Your goal
Word for word, repeat the data that follows. Do not include the pictures.

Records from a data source
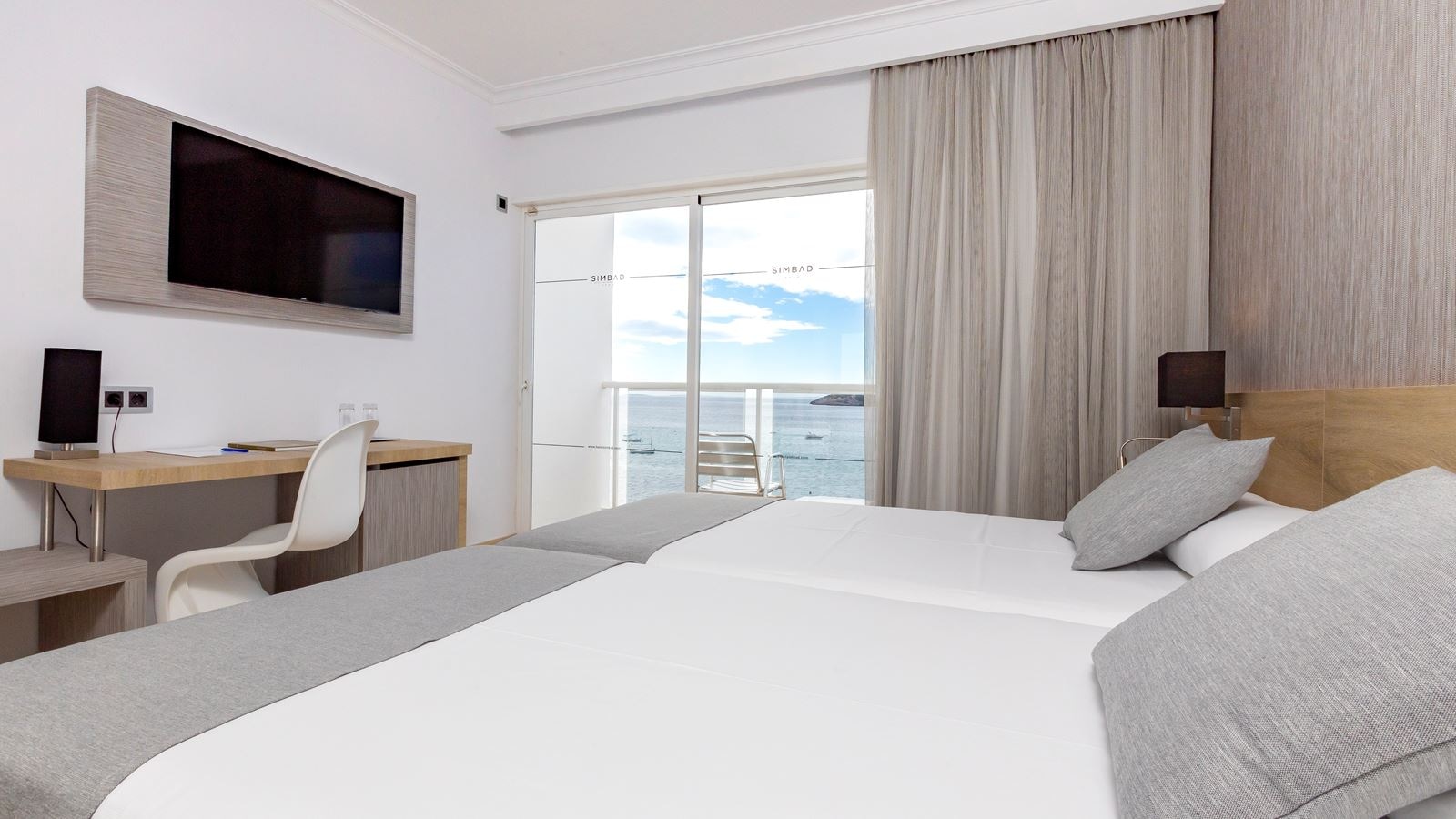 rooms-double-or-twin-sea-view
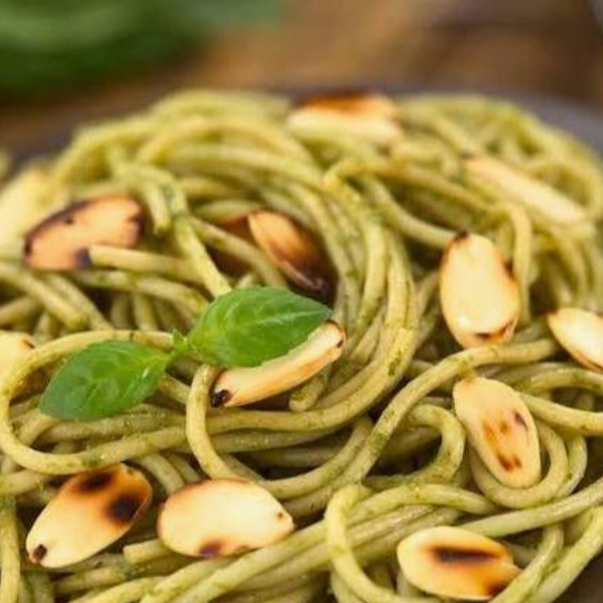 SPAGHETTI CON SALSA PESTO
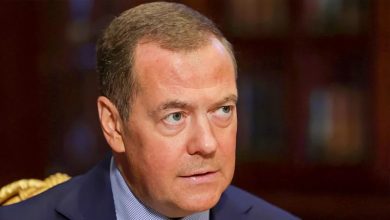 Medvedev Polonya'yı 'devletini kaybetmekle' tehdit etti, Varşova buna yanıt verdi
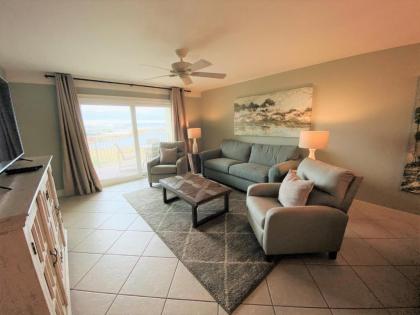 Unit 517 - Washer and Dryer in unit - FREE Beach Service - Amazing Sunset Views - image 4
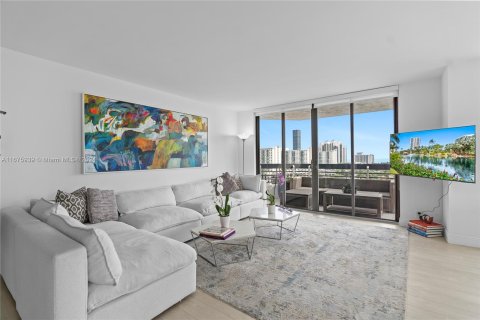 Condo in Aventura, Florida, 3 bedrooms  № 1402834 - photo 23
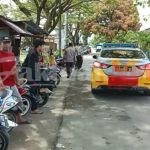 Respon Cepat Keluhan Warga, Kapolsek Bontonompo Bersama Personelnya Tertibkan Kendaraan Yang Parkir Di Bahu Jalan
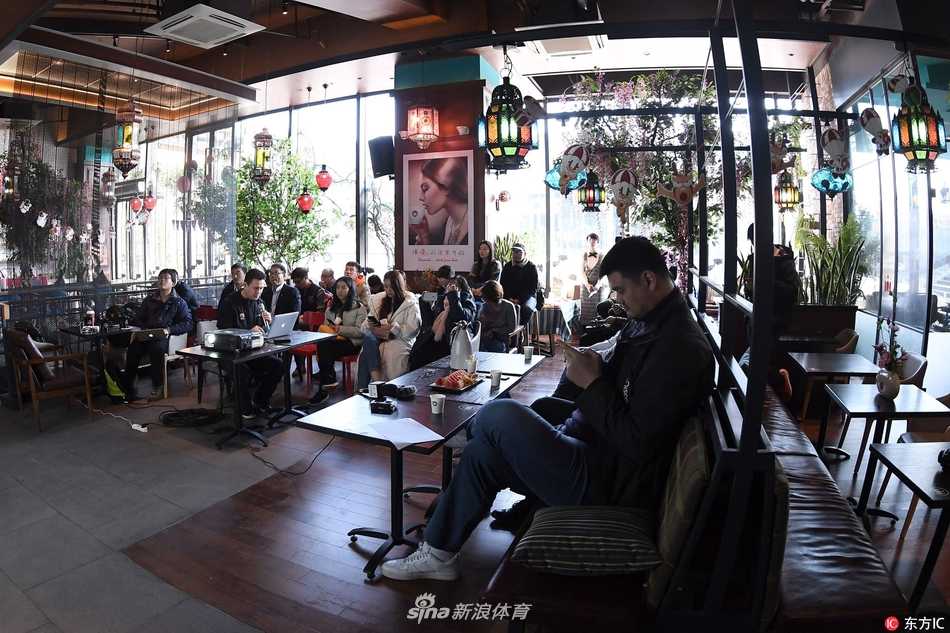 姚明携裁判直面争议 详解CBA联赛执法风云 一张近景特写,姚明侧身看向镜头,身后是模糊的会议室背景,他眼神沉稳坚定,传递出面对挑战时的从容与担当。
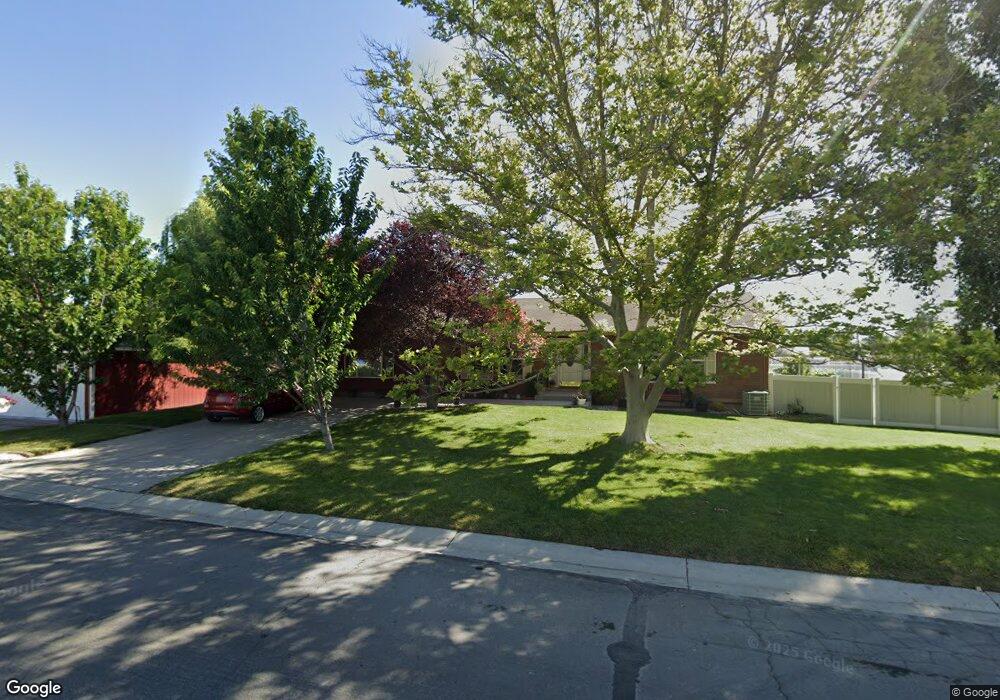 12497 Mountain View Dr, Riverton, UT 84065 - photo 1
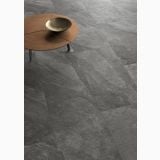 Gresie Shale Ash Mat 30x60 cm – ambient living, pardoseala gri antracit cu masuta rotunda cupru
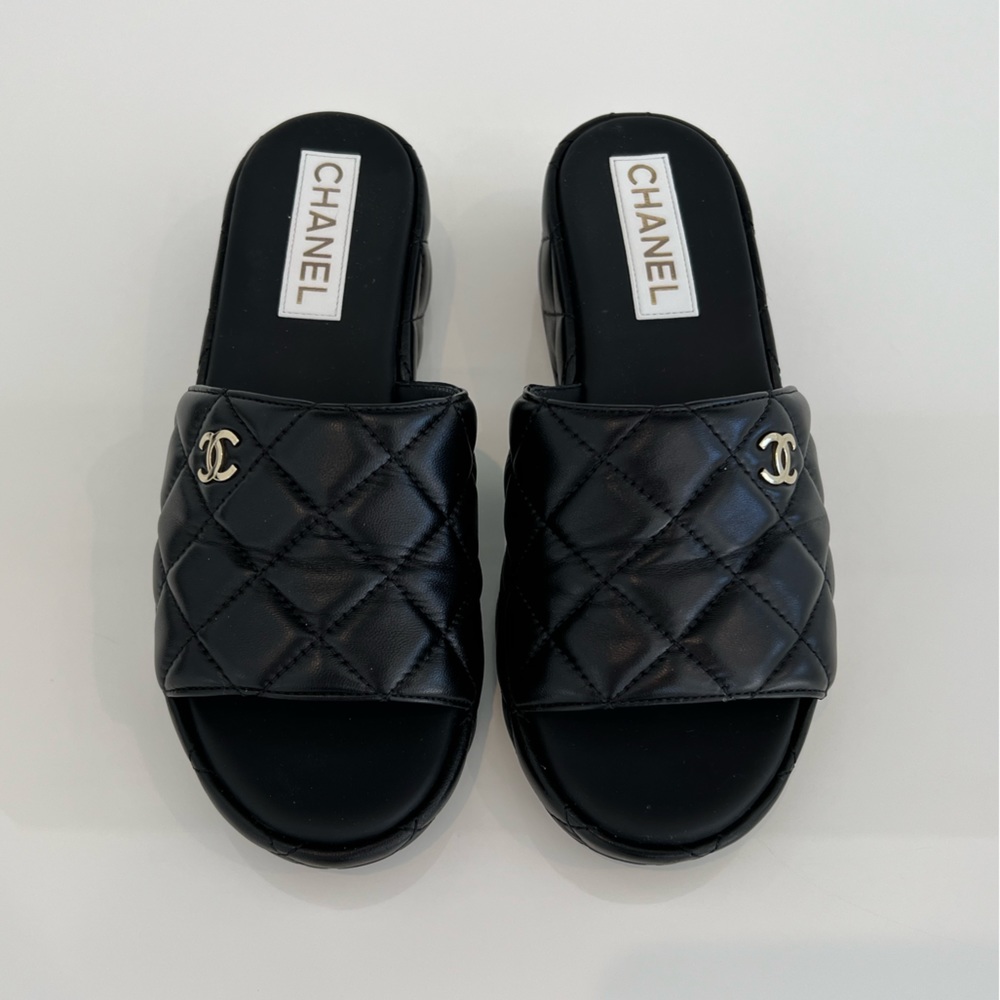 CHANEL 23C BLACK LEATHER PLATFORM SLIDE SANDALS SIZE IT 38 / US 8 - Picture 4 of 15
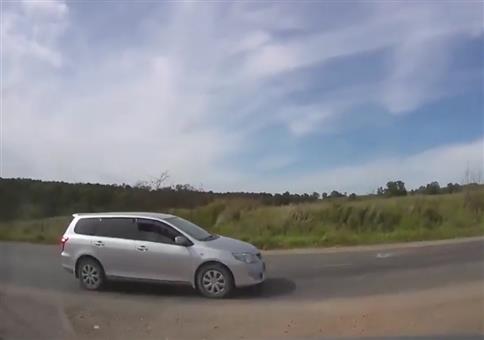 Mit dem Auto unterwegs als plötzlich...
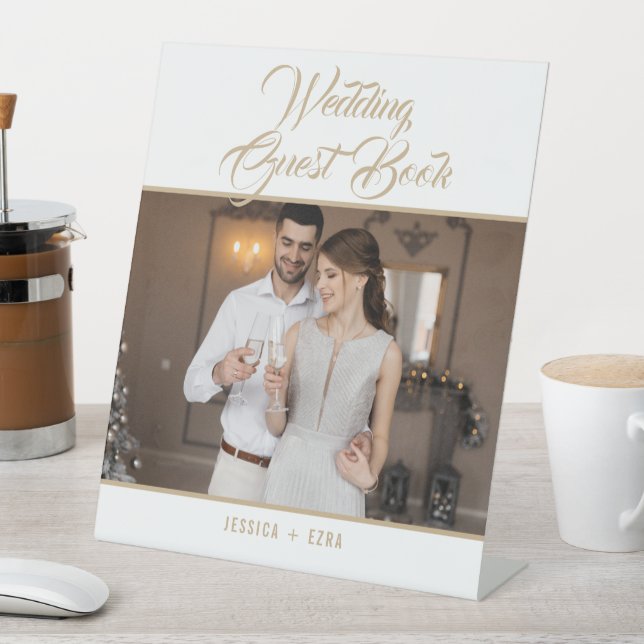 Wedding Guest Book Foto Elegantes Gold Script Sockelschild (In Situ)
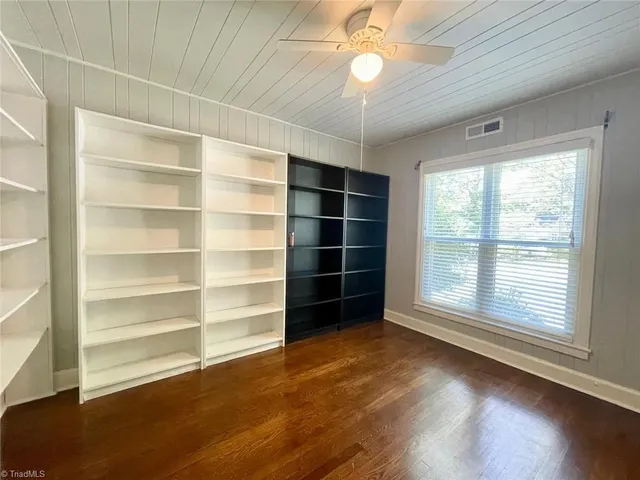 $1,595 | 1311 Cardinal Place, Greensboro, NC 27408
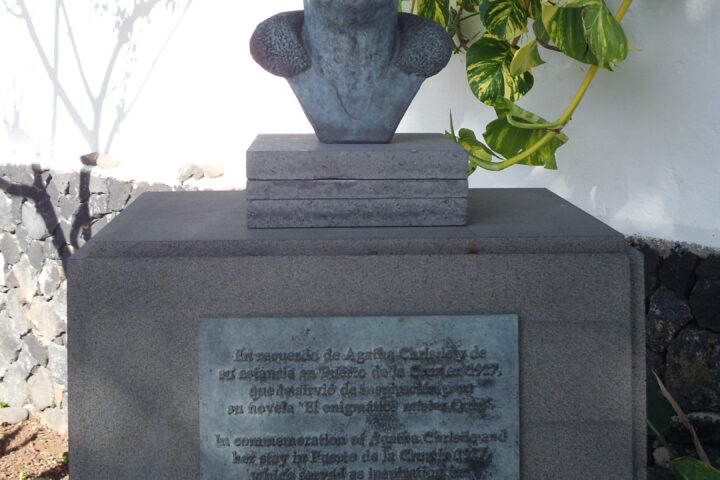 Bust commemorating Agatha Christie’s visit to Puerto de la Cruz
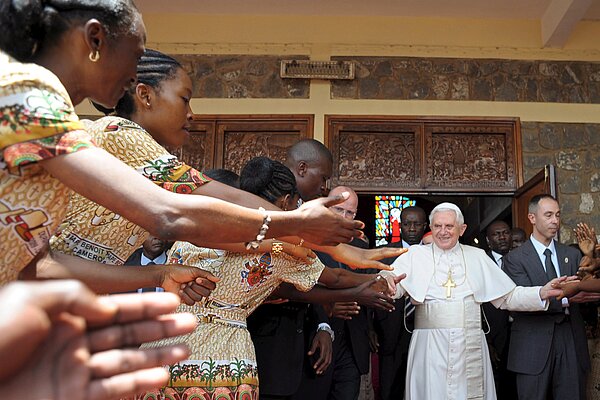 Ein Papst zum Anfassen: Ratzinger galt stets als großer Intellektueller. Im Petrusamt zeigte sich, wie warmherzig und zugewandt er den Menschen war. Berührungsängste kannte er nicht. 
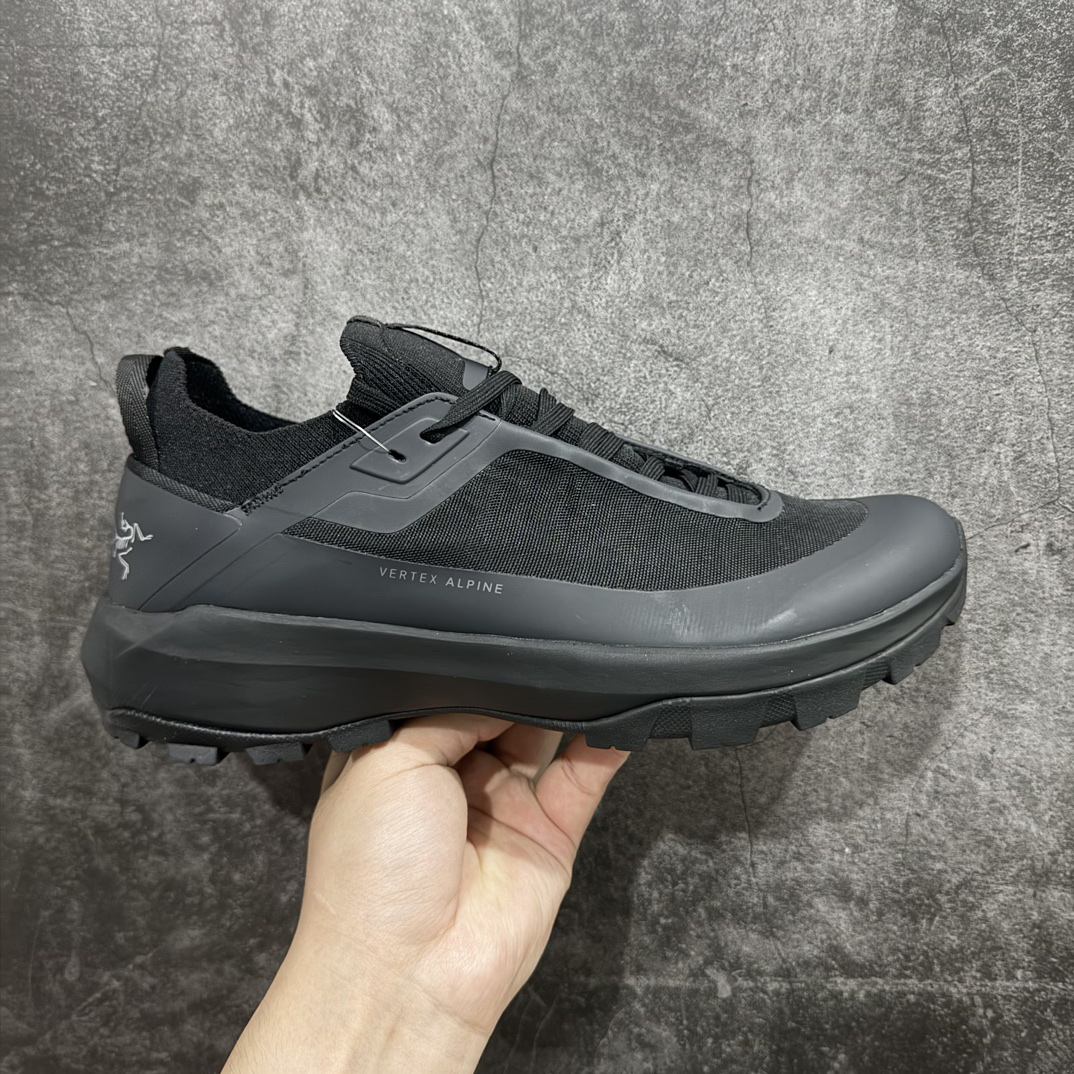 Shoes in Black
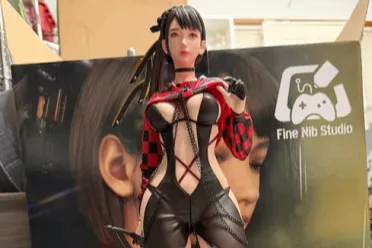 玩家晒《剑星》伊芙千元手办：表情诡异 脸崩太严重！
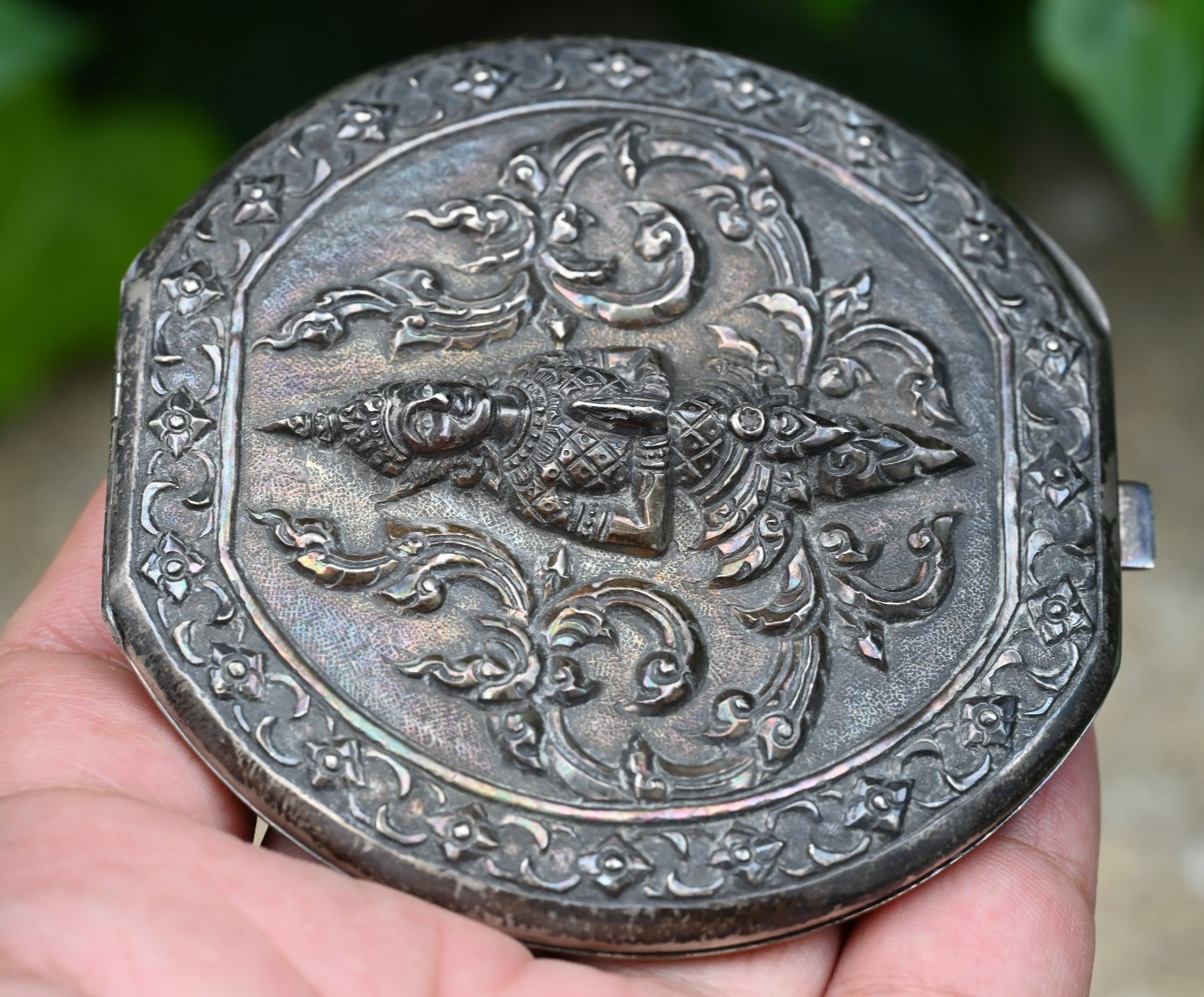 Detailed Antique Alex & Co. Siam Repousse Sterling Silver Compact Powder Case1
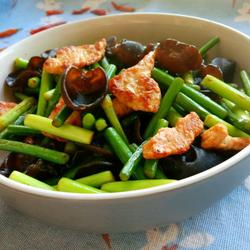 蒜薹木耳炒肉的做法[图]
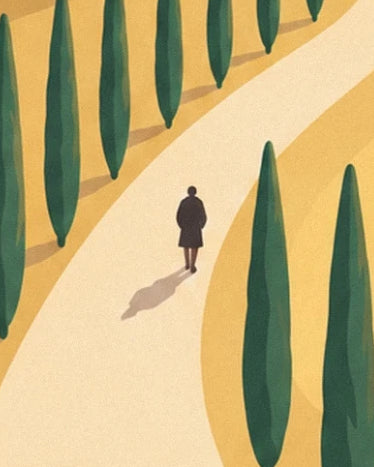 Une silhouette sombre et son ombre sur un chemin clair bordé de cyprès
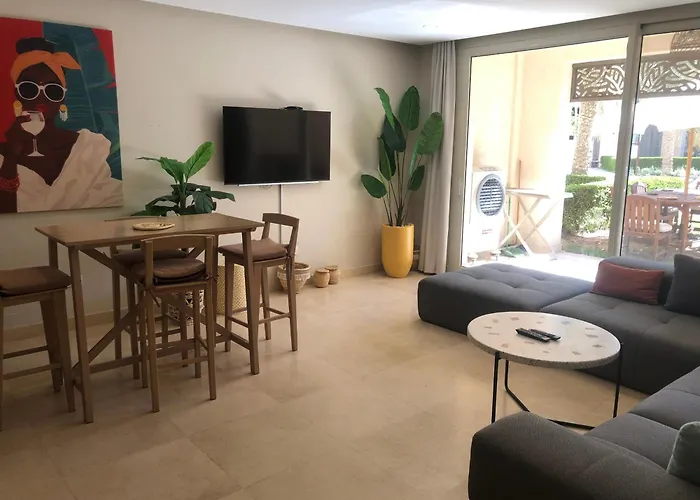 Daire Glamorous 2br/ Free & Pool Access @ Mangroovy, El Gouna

Your response
 rooms-double-or-twin-sea-view
 SPAGHETTI CON SALSA PESTO
 Medvedev Polonya'yı 'devletini kaybetmekle' tehdit etti, Varşova buna yanıt verdi
 Unit 517 - Washer and Dryer in unit - FREE Beach Service - Amazing Sunset Views - image 4
 Condo in Aventura, Florida, 3 bedrooms  № 1402834 - photo 23
 Respon Cepat Keluhan Warga, Kapolsek Bontonompo Bersama Personelnya Tertibkan Kendaraan Yang Parkir Di Bahu Jalan
 姚明携裁判直面争议 详解CBA联赛执法风云 一张近景特写,姚明侧身看向镜头,身后是模糊的会议室背景,他眼神沉稳坚定,传递出面对挑战时的从容与担当。
 12497 Mountain View Dr, Riverton, UT 84065 - photo 1
 Gresie Shale Ash Mat 30x60 cm – ambient living, pardoseala gri antracit cu masuta rotunda cupru
 CHANEL 23C BLACK LEATHER PLATFORM SLIDE SANDALS SIZE IT 38 / US 8 - Picture 4 of 15
 Mit dem Auto unterwegs als plötzlich...
 Wedding Guest Book Foto Elegantes Gold Script Sockelschild (In Situ)
 $1,595 | 1311 Cardinal Place, Greensboro, NC 27408
 Bust commemorating Agatha Christie’s visit to Puerto de la Cruz
 Ein Papst zum Anfassen: Ratzinger galt stets als großer Intellektueller. Im Petrusamt zeigte sich, wie warmherzig und zugewandt er den Menschen war. Berührungsängste kannte er nicht. 
 Shoes in Black
 玩家晒《剑星》伊芙千元手办：表情诡异 脸崩太严重！
 Detailed Antique Alex & Co. Siam Repousse Sterling Silver Compact Powder Case1
 蒜薹木耳炒肉的做法[图]
 Une silhouette sombre et son ombre sur un chemin clair bordé de cyprès
 Daire Glamorous 2br/ Free & Pool Access @ Mangroovy, El Gouna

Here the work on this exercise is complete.